El genocidio es una forma de violencia que busca doblegar la capacidad de lucha y de resistencia de los sectores sociales más combativos
Alberto Acevedo
El presidente Iván Duque inició su gobierno con la impronta de recuperar la seguridad en el país. La consigna de la seguridad tuvo más fuerza que la de la preservación de la paz a lo largo de sus discursos de campaña electoral. Sin entrar en discusiones en torno a por qué primó más una consigna que la otra, cuestión que los lectores seguramente tendrán definida, lo que interesa ahora es señalar que pese al manifiesto interés del mandatario por la seguridad, durante su gestión regresaron las masacres, los desplazamientos forzados, los asesinatos colectivos, las decapitaciones, las violaciones, y alrededor de esta empresa criminal, el resurgimiento del paramilitarismo.
Las últimas masacres registradas en el Valle, en Nariño, Chocó, el Putumayo y otras regiones del país, insinúan la formación de un modelo de organización y reproducción del orden político y no solo la expresión de la acción de lo que al gobierno le gusta denominar como ‘bandas criminales’.
Las matanzas registradas en las últimas semanas, 11 de acuerdo a los registros oficiales, 43 masacres en lo corrido de este año, indica además que la violencia se ha convertido paulatinamente en una forma de control asocial, de control geopolítico. Llama la atención en este sentido, que la presencia de la Brigada de Asistencia de las Fuerzas de Seguridad de los Estados Unidos, SFAB, un cuerpo elite que llegó al país hace unas semanas, manifieste su interés de concentrar operaciones en zonas agrarias y de frontera.
Reconquista
De la misma manera, el anunciado proyecto de renovación del Plan Colombia, lanzado la semana pasada en Bogotá, tiene una curiosa fascinación hacia proyectos agrícolas, justamente en las zonas de conflicto.
Hace pocas semanas en Washington se habló de la “reconquista de América”, de planes regionales hacia el continente, de búsqueda de nuevos recursos naturales para el imperio, como el litio. Recordemos que hace unas décadas, la región de Urabá fue objeto de una ‘reconquista’ de esa naturaleza. Primero llegaron los paramilitares y sembraron el terror. Después las grandes empresas agrícolas, bananeras y de extracción. Buenaventura de perfila como uno de los puertos marítimos más modernos del continente, y ya está sembrado de bandas paramilitares y del narcotráfico.

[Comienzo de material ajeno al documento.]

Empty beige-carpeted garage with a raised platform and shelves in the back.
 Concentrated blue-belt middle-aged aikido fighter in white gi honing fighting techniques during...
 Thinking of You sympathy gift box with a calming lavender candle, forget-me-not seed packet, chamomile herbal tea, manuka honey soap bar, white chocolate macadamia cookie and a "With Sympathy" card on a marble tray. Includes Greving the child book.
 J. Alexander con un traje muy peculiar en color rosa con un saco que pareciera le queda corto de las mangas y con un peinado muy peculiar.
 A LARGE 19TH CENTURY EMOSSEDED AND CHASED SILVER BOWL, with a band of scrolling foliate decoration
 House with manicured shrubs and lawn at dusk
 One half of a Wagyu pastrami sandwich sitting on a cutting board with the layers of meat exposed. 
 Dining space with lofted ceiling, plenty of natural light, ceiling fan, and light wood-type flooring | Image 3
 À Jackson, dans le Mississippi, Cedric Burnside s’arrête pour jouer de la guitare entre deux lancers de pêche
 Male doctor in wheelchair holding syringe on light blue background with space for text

Ese modelo de organización y reproducción del orden político, ya mencionado, tiene además, consecuencias más allá de las fronteras nacionales, por cuanto se intenta replicar en otras regiones en la medida en que surja el ‘peligro’ de un ascenso de la lucha social o de surgimiento de regímenes progresistas en el continente.
Contra las comunidades
Gracias a ese clima de violencia se ha constituido en Colombia un nuevo bloque de poder, alimentado con recursos mafiosos y del narcotráfico, como lo demuestran los escándalos de la ñeñepolítica, las confesiones de Mancuso, entre otros, modelo que tiene además un fuerte componente militar, proclive al paramilitarismo.
El genocidio sistemático se orienta a castigar a pueblos indígenas, afrodescendientes, campesinos, a movimientos sociales, a grupos LGBTI, a sectores de la juventud colombiana en rebeldía, a defensores de derechos humanos.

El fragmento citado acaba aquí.